Circa 1920s, Adolphe Lafont blue moleskin double-breasted work jacket.
A particularly special arrival.
Adolphe Lafont stands among the most sought-after of French workwear brands.
The house was established in 1844 in Lyon, France by "Adolphe Lafont," the founding merchant. What began as a textile shop evolved when his son, "Adolphe Benoît Lafont," added a tailoring workshop in 1875. It was the younger Adolphe Lafont who then initiated the production of foundational workwear. The first pieces manufactured were carpenter trousers crafted from corduroy. He registered the trademark "Adolphe Lafont Lyon" in 1896 and continued outfitting generations of laborers until his passing in 1952. A house now spanning nearly two centuries.
From this venerable Adolphe Lafont, we present a signature piece of French workwear: the double-breasted blue moleskin work jacket.
Executed in moleskin, the quintessential French vintage fabric.
The name derives, it is said, from the fabric's resemblance to mole skin—and when held, one understands why. The touch reveals a smoothness one would not expect from cotton, coupled with considerable weight and substance.
This character emerges from the weave itself. Moleskin is woven in what is known as satin weave—a structure utilizing five or more yarns in both warp and weft directions. The floating points of yarn are minimal; only the warp or weft appears on the surface. The result is a dense, thick cloth with suppleness, smoothness, and pronounced luster. These qualities made moleskin the rational choice for workwear—garments intended to withstand rigorous, demanding labor.
This particular example presents ink blue moleskin, characteristic of French workwear tradition, with fading accumulated through years of use—the essence of vintage patina.
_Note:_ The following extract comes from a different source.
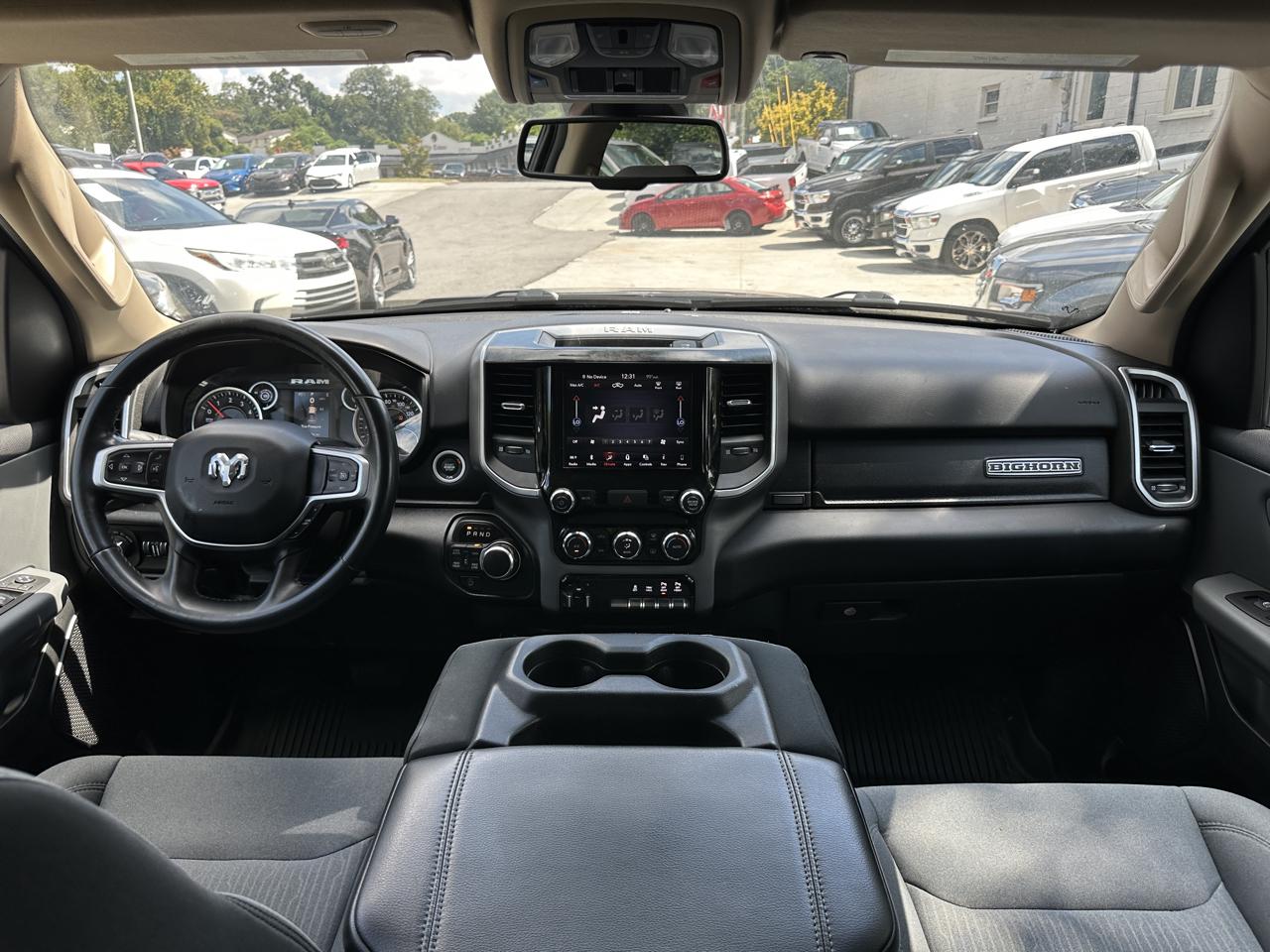 RAM 1500 Big Horn/Lone Star 4x4 Crew Cab 6'4" Box 2019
It functioned as genuine workwear when new, and its construction reflects this: the functionality remains uncompromised.
The defining feature, however, is unmistakable: the double-breasted front, with buttons arranged in two columns—a notably scarce detail. The visual presence of a double-breasted garment carries considerably more weight than its single-breasted counterpart, and therein lies its singular grace.
Whether worn fully buttoned or left entirely open, the double-breasted configuration maintains an effortless authority impossible to achieve otherwise—a luxury reserved for this silhouette alone.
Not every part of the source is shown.